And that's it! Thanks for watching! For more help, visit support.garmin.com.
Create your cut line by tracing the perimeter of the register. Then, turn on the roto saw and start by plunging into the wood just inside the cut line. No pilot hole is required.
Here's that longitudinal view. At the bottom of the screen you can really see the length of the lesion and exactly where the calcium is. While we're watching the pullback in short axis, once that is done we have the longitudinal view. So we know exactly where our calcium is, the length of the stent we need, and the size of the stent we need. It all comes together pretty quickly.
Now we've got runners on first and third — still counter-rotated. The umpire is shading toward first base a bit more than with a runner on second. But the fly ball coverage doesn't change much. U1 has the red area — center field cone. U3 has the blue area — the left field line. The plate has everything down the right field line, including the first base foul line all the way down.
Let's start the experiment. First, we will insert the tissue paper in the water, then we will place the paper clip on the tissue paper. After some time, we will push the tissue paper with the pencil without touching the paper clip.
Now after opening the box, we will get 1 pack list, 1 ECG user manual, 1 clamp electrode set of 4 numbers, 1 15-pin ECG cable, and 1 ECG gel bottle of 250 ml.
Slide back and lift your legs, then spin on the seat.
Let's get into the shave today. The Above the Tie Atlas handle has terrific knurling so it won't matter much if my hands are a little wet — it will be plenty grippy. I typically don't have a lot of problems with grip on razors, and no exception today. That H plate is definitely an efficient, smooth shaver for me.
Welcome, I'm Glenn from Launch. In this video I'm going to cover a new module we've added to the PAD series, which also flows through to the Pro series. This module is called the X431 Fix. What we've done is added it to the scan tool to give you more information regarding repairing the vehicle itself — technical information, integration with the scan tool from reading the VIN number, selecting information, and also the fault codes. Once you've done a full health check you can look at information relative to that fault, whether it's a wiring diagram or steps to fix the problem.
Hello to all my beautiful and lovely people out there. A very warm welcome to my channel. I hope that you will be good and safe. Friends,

==

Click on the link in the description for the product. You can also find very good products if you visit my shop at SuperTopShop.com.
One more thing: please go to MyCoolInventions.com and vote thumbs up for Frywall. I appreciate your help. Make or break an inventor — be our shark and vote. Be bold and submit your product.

## How to complete this task:
Copy each line of the listing that contains "plate".

## Response below:
Now we've got runners on first and third — still counter-rotated. The umpire is shading toward first base a bit more than with a runner on second. But the fly ball coverage doesn't change much. U1 has the red area — center field cone. U3 has the blue area — the left field line. The plate has everything down the right field line, including the first base foul line all the way down.
Let's get into the shave today. The Above the Tie Atlas handle has terrific knurling so it won't matter much if my hands are a little wet — it will be plenty grippy. I typically don't have a lot of problems with grip on razors, and no exception today. That H plate is definitely an efficient, smooth shaver for me.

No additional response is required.